**PROBLEM:**
Line by line, the data below should be set down unchanged, with images excluded.

**ENTRIES SHOWN:**
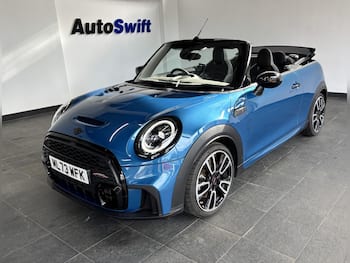 Used MINI Convertible 2023 for sale - 79656533: Photo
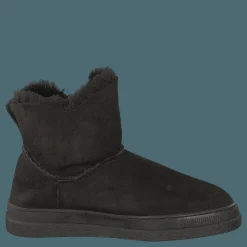 Gant Maria Mid Boot Black Svart Discount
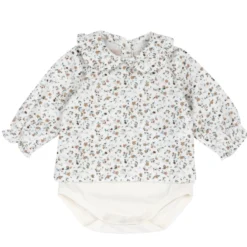 Body camicia manica lunga
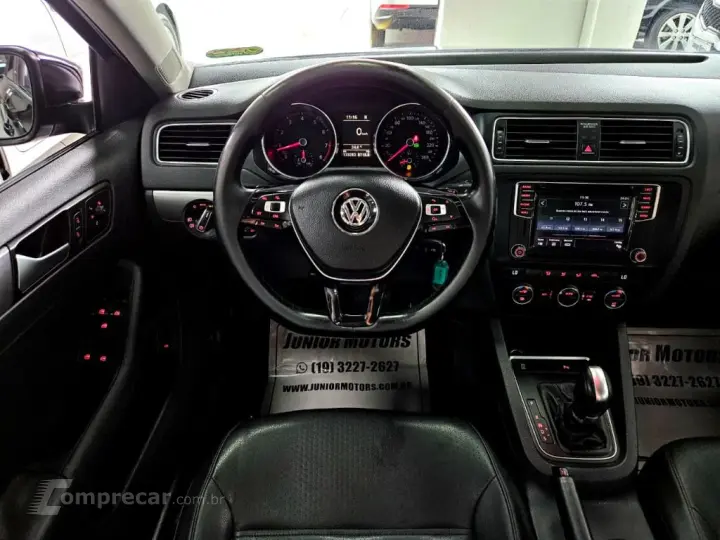 JETTA 1.4 16V TSI Comfortline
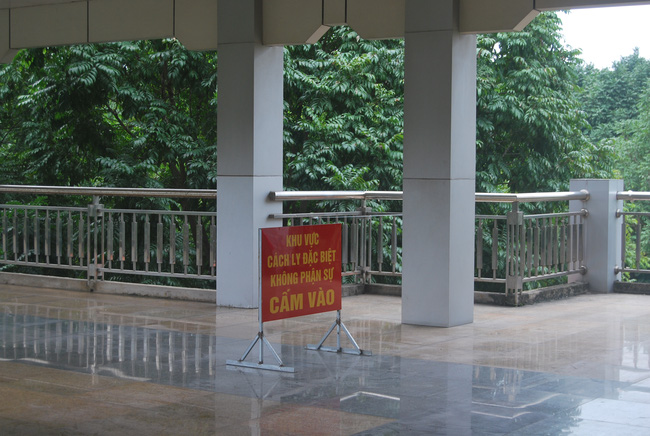 Bộ Y tế thông tin tình hình điều trị các bệnh nhân mắc Covid-19 trên cả nước - Ảnh 3. Bộ Y tế thông tin tình hình điều trị các bệnh nhân mắc Covid-19 trên cả nước - Ảnh 3.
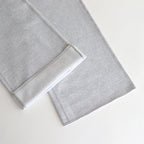 FLARED GYM PANTS #ASH GRAY [A23C-05PT01C]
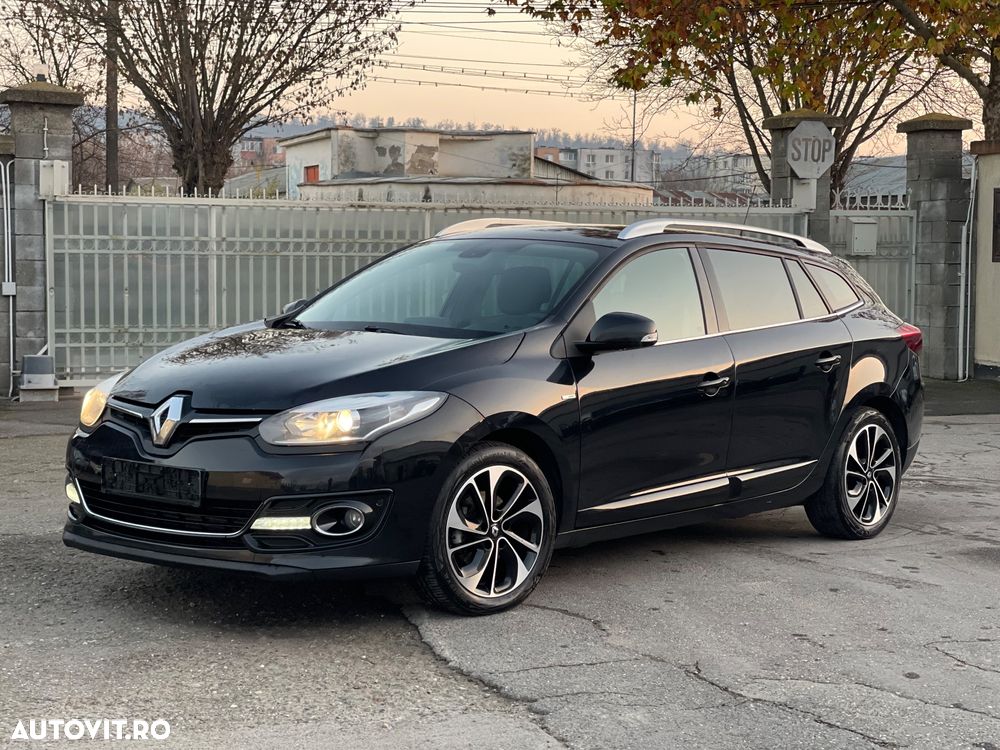 Renault Megane ENERGY dCi 130 Start & Stop Bose Edition - 1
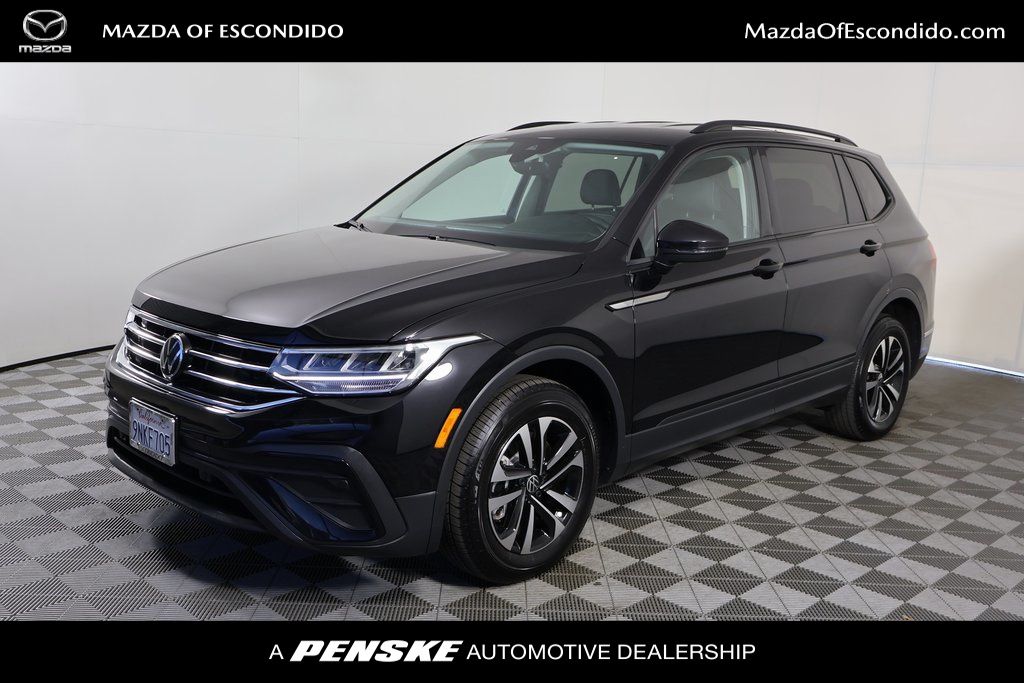 Thumbnail: 2024 Volkswagen Tiguan - 1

**RESULT:**
 Used MINI Convertible 2023 for sale - 79656533: Photo
 Gant Maria Mid Boot Black Svart Discount
 Body camicia manica lunga
 JETTA 1.4 16V TSI Comfortline
 Bộ Y tế thông tin tình hình điều trị các bệnh nhân mắc Covid-19 trên cả nước - Ảnh 3. Bộ Y tế thông tin tình hình điều trị các bệnh nhân mắc Covid-19 trên cả nước - Ảnh 3.
 FLARED GYM PANTS #ASH GRAY [A23C-05PT01C]
 Renault Megane ENERGY dCi 130 Start & Stop Bose Edition - 1
 Thumbnail: 2024 Volkswagen Tiguan - 1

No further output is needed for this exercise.